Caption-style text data
▼

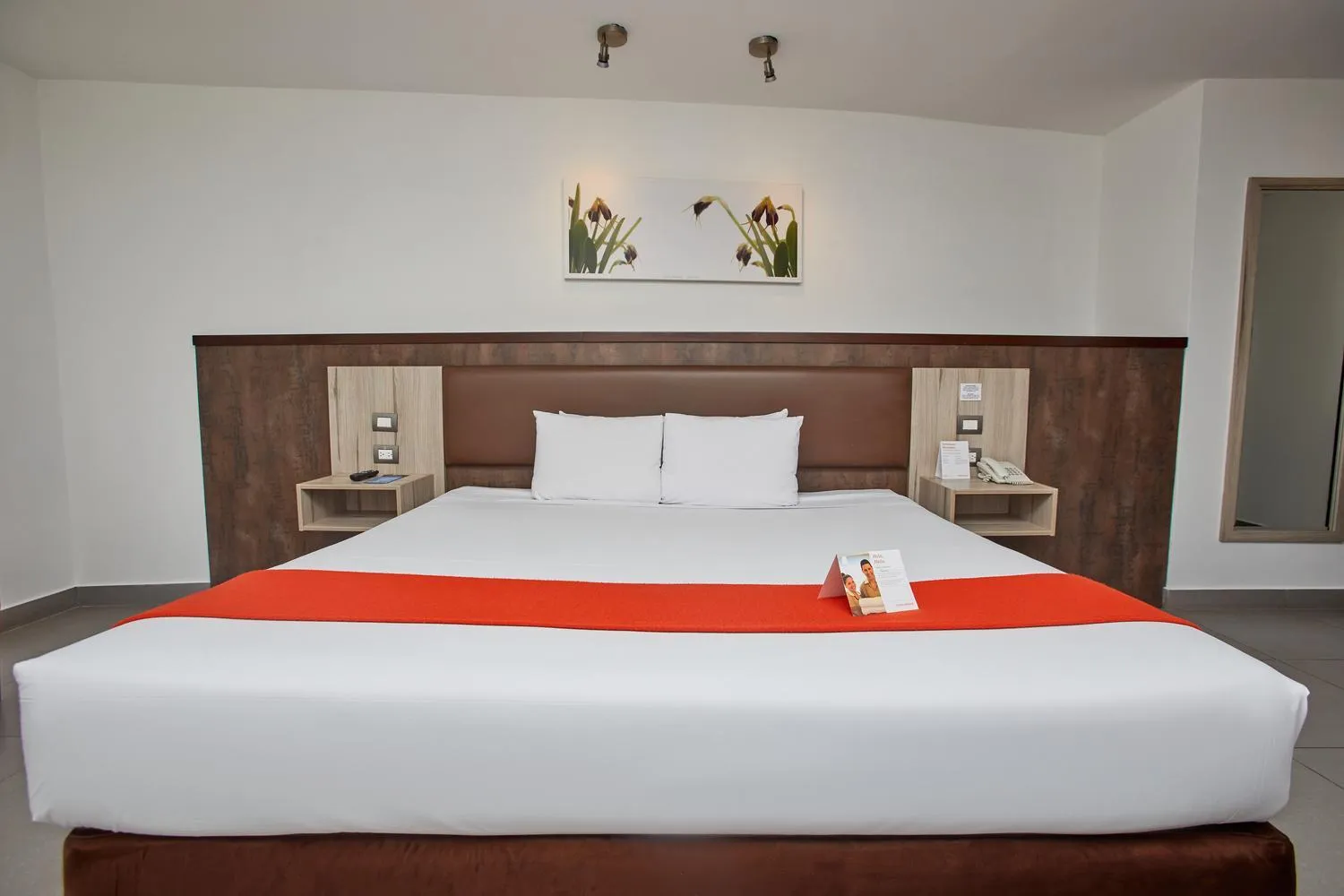 Bed in Casa Andina Standard Machu Picchu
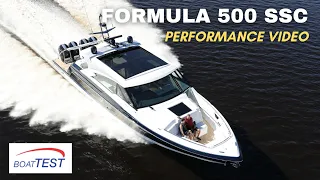 Formula 500 Super Sport Crossover (2021) - Test Video by BoatTEST.com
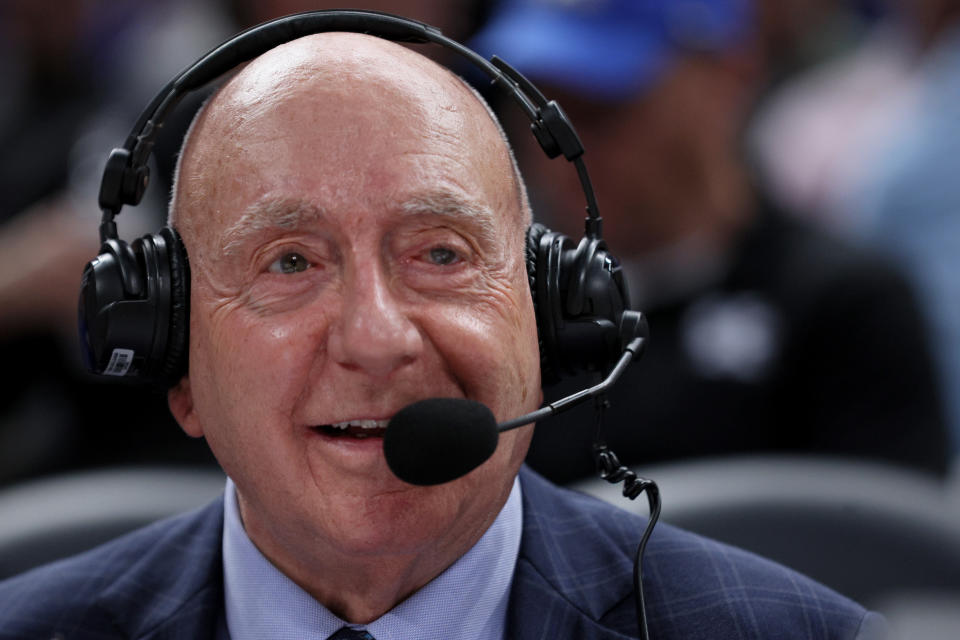 Dick Vitale will return to broadcast Duke-Clemson for ESPN on Saturday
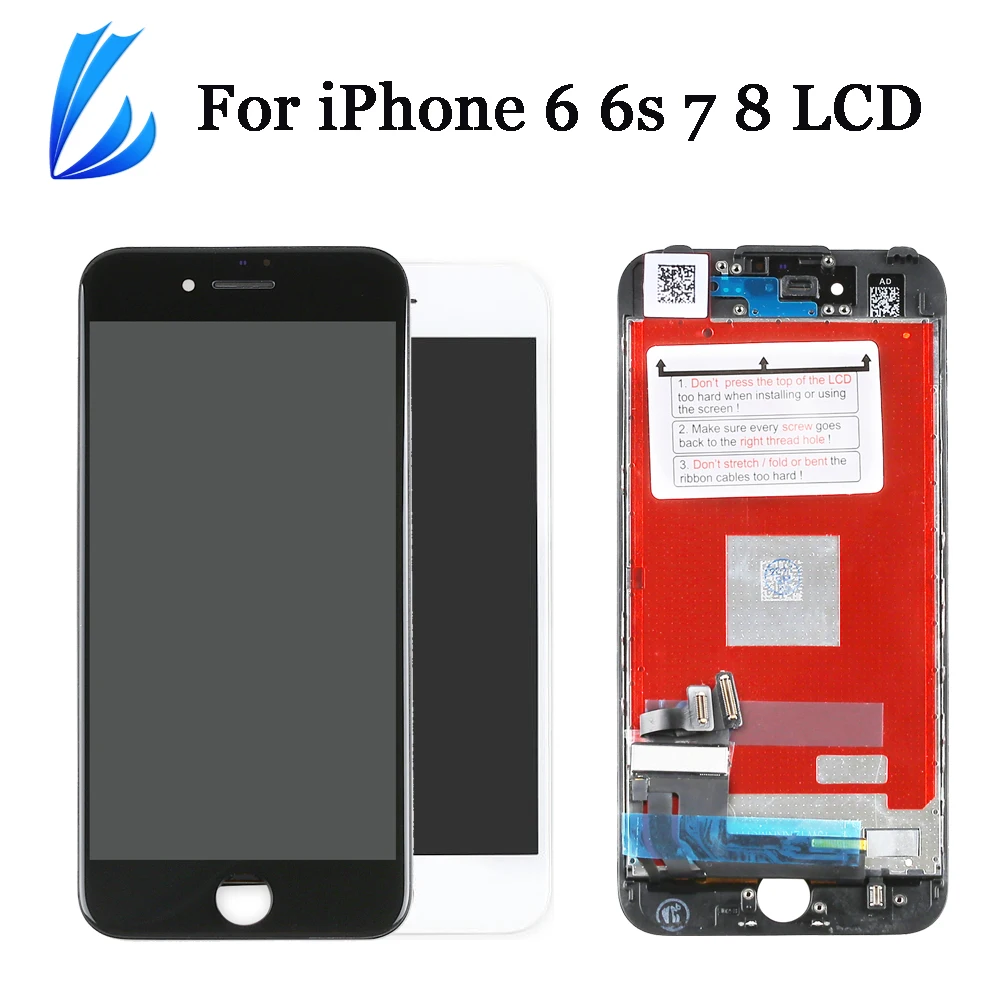 Сменный ЖК экран для iPhone 7 6s 6 8 полная сборка 4 дюйма сенсорный экран|Экраны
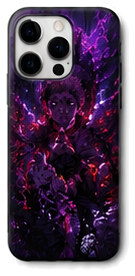 Coque Sukuna Malefice Violet | iPhone, Samsung - coque silicone manga Sukuna pour iPhone et Samsung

▲

Action item> Above are records with pictures; repeat them exactly, but without the pictures.

Answer to the problem>
 Bed in Casa Andina Standard Machu Picchu
 Formula 500 Super Sport Crossover (2021) - Test Video by BoatTEST.com
 Dick Vitale will return to broadcast Duke-Clemson for ESPN on Saturday
 Сменный ЖК экран для iPhone 7 6s 6 8 полная сборка 4 дюйма сенсорный экран|Экраны
 Coque Sukuna Malefice Violet | iPhone, Samsung - coque silicone manga Sukuna pour iPhone et Samsung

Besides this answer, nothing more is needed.